*** Block opens ***

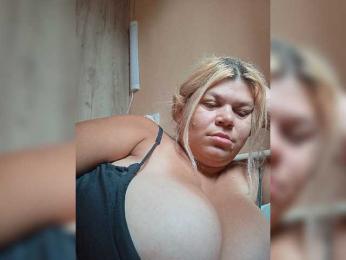 buniaya123 webcam model stream image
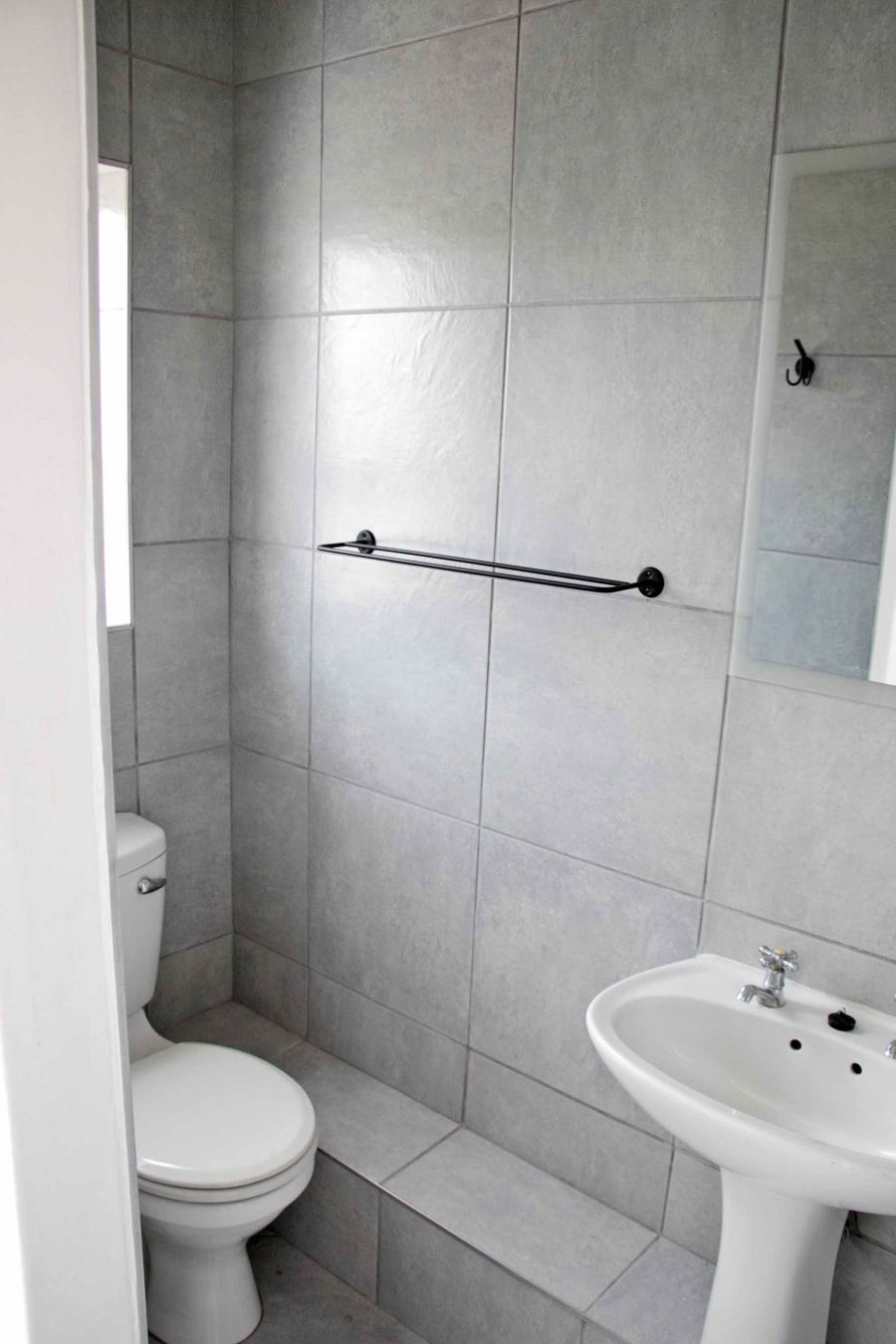 To Let 3 Bedroom Property for Rent in Somerset Ridge Western Cape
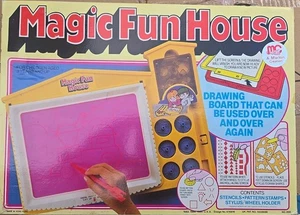 Tablero de dibujo Magic Fun House de colección con plantillas patrón estampillas lápiz óptico - Imagen 1 de 3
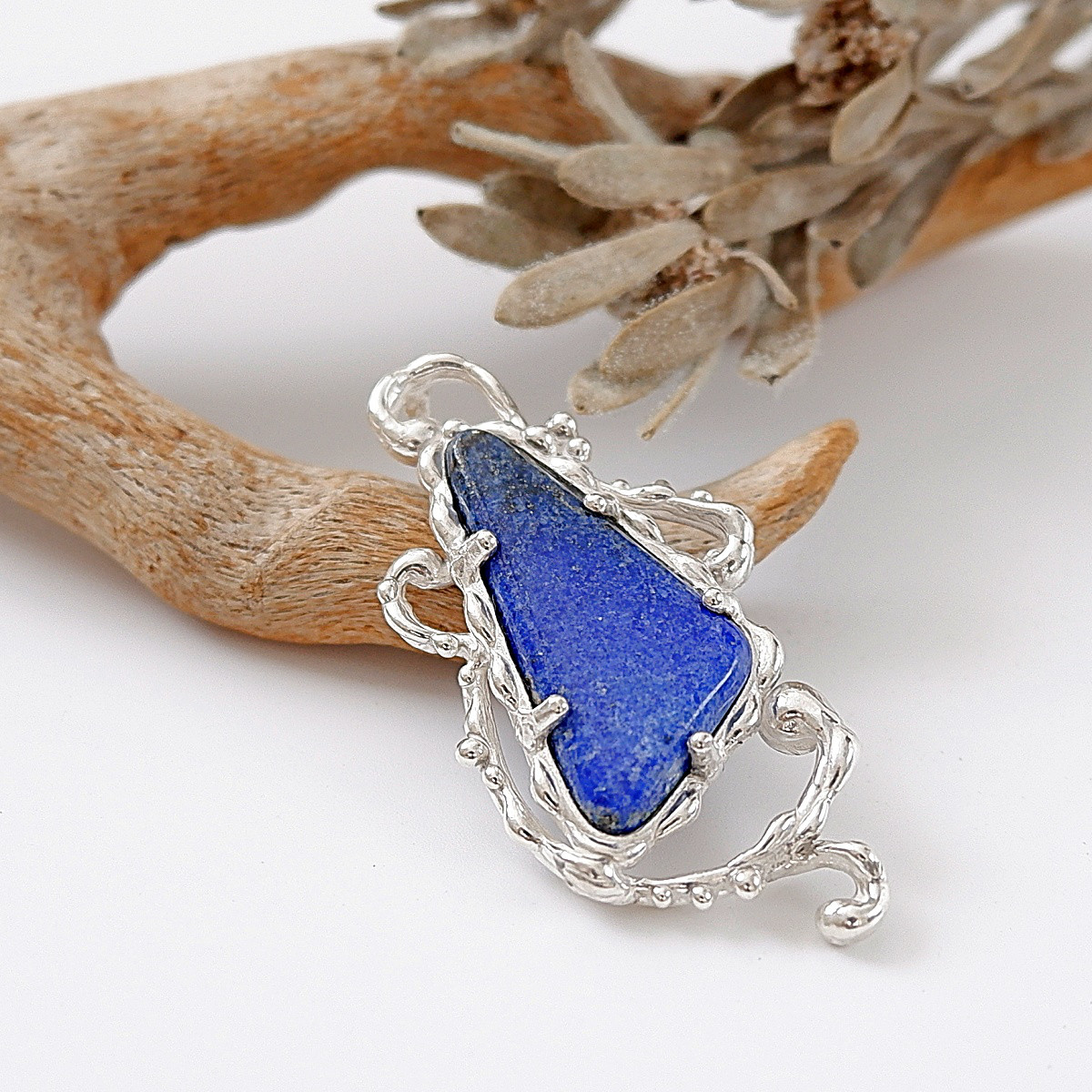 ～幸運の石～ラピスラズリの唐草ペンダント　天然石アクセサリー　一点物　macari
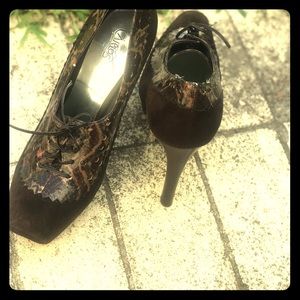 Carlos by Carlos Snakeskin Platform pump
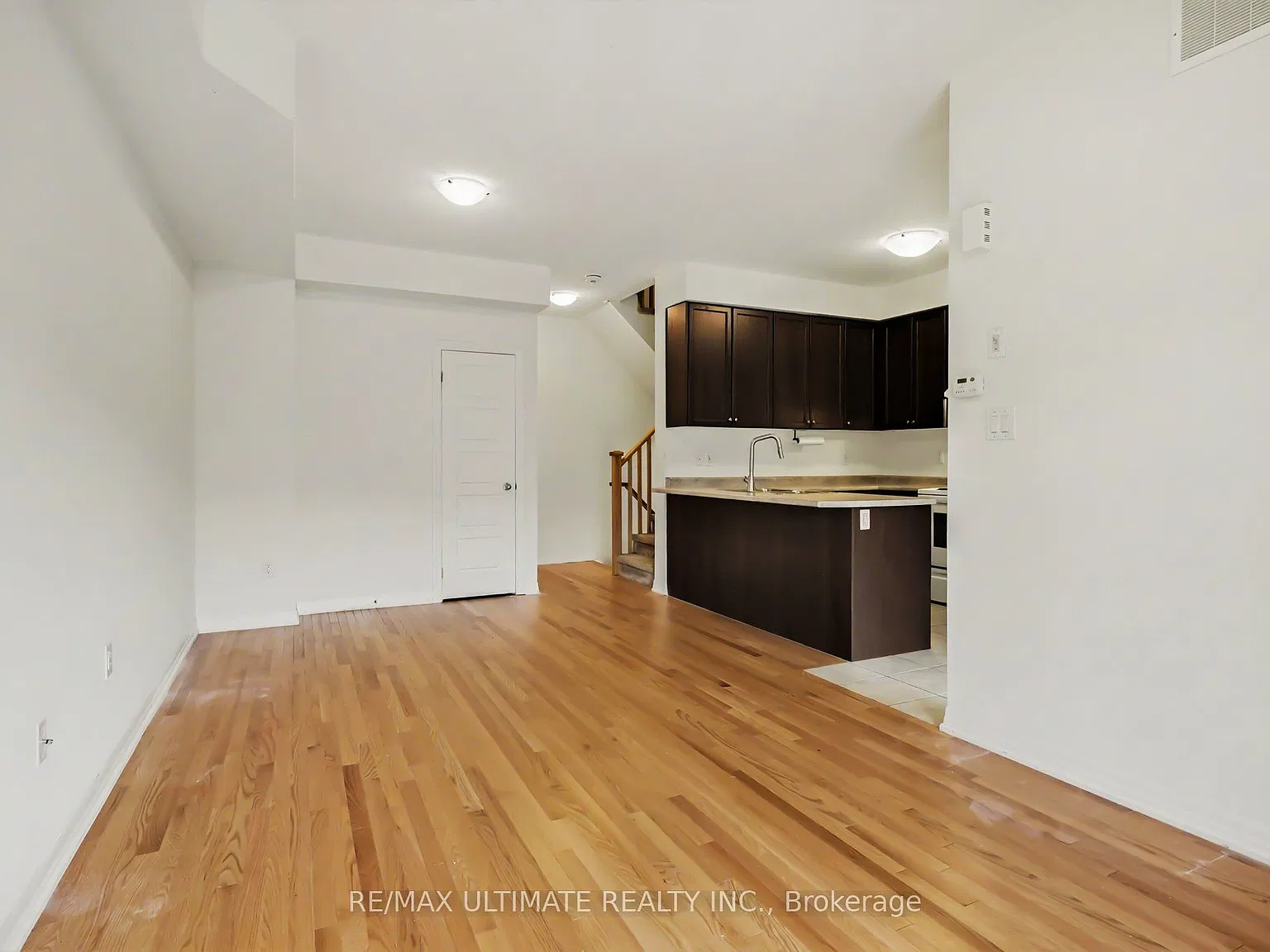 3 bed, $2,995 — Photo 4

*** Block closes ***

#### TASK DIRECTIONS:
Reproduce, word for word, the lines from the one containing "Tablero de dibujo" to the end of the material, both ends included. No picture is copied.

#### RESULT OF THIS EXERCISE:
 Tablero de dibujo Magic Fun House de colección con plantillas patrón estampillas lápiz óptico - Imagen 1 de 3
 ～幸運の石～ラピスラズリの唐草ペンダント　天然石アクセサリー　一点物　macari
 Carlos by Carlos Snakeskin Platform pump
 3 bed, $2,995 — Photo 4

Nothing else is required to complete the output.